Exercise »
Set down exactly the lines running from the one with "PINKO Love medium Clutch Bag Female UNI" to the last line of the listing below, both included, and skip every picture.

Data listing »

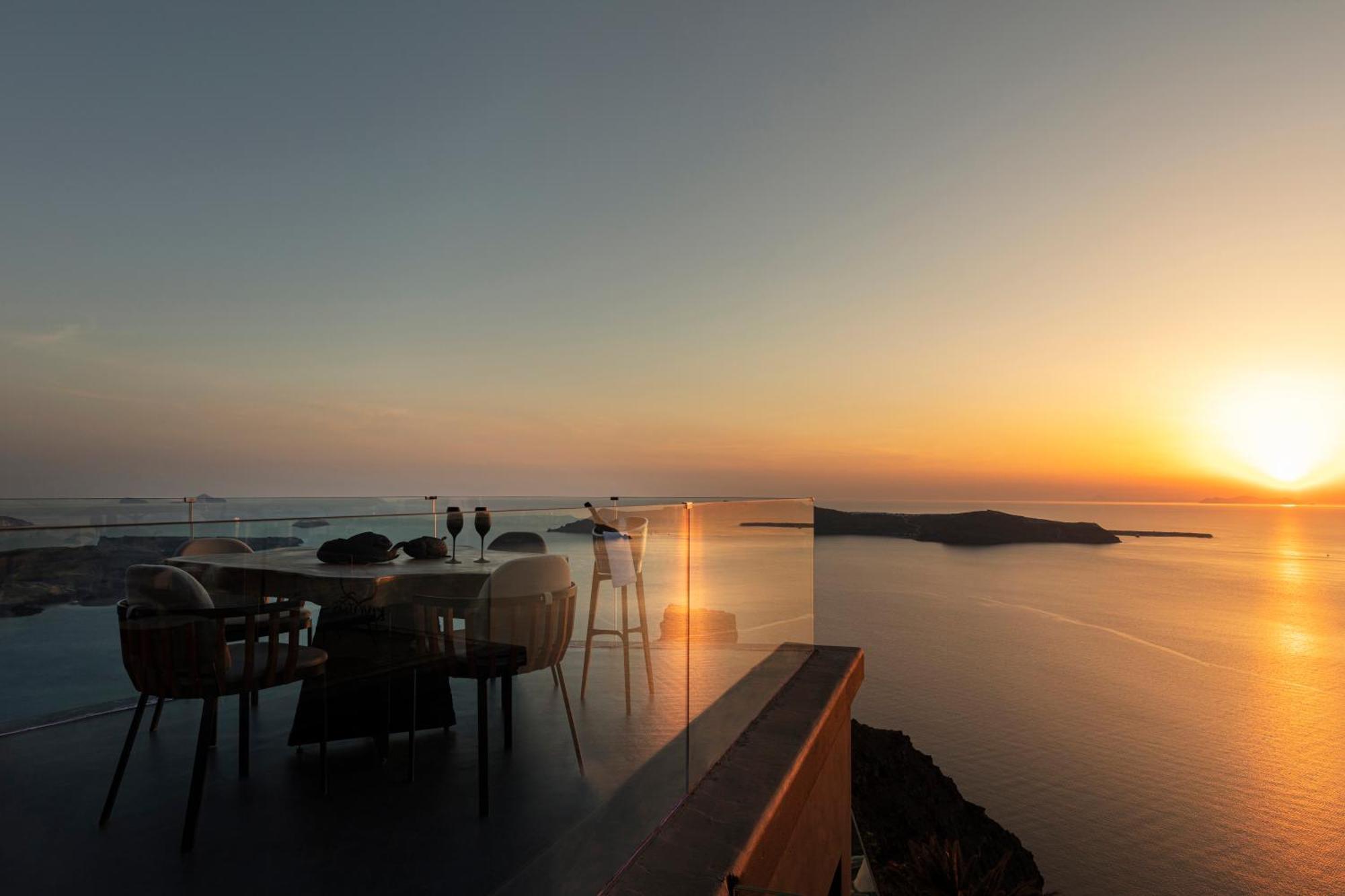 Kivotos Santorini - Preferred & Hotel 5*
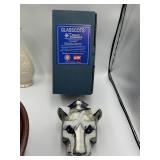 GLASS COTS SLAVIC TREASURES PENN STATE BLOWN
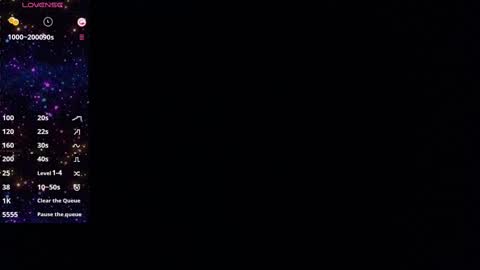 Daniela online show from 03/01/25, 07:15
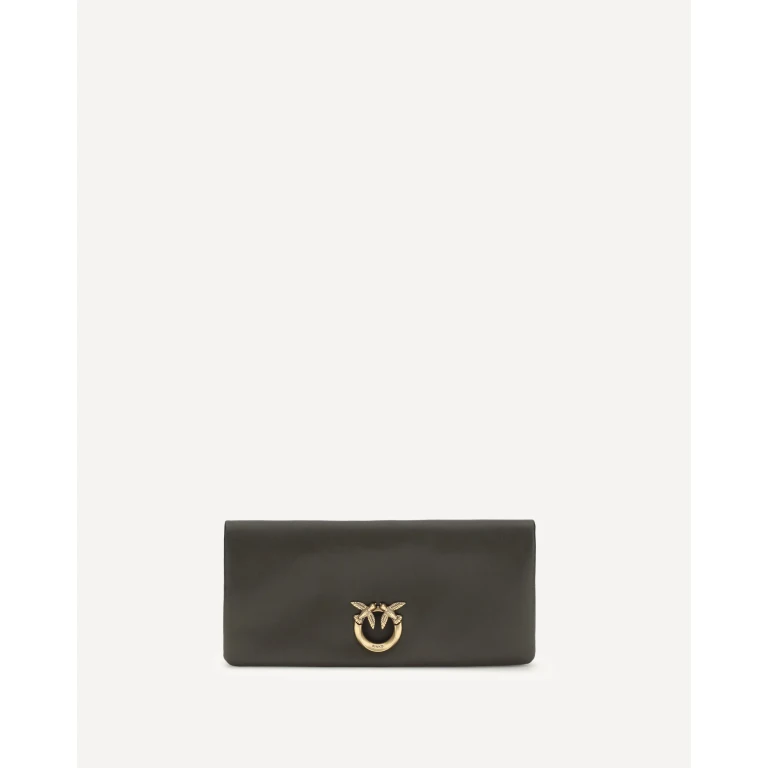 PINKO Love medium Clutch Bag Female UNI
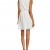ONLY Damen Kleid Onlcarol S/L Short Dress, Weiß (Cloud Dancer), 38 - 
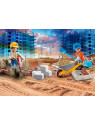 Playmobil 70528  City Action Construction valisette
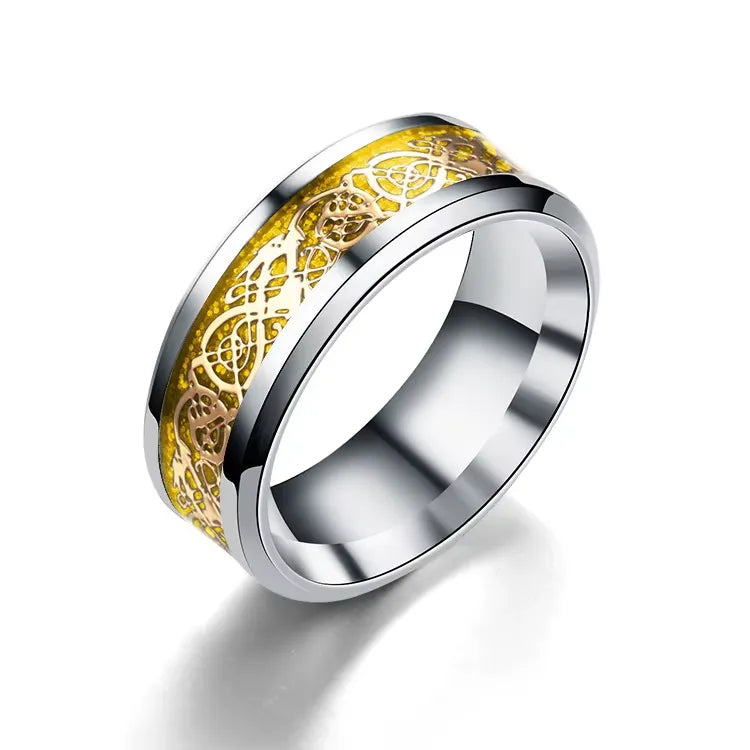 Majesty Men's Ring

Written reply »
 PINKO Love medium Clutch Bag Female UNI
ONLY Damen Kleid Onlcarol S/L Short Dress, Weiß (Cloud Dancer), 38 - 
 Playmobil 70528  City Action Construction valisette
 Majesty Men's Ring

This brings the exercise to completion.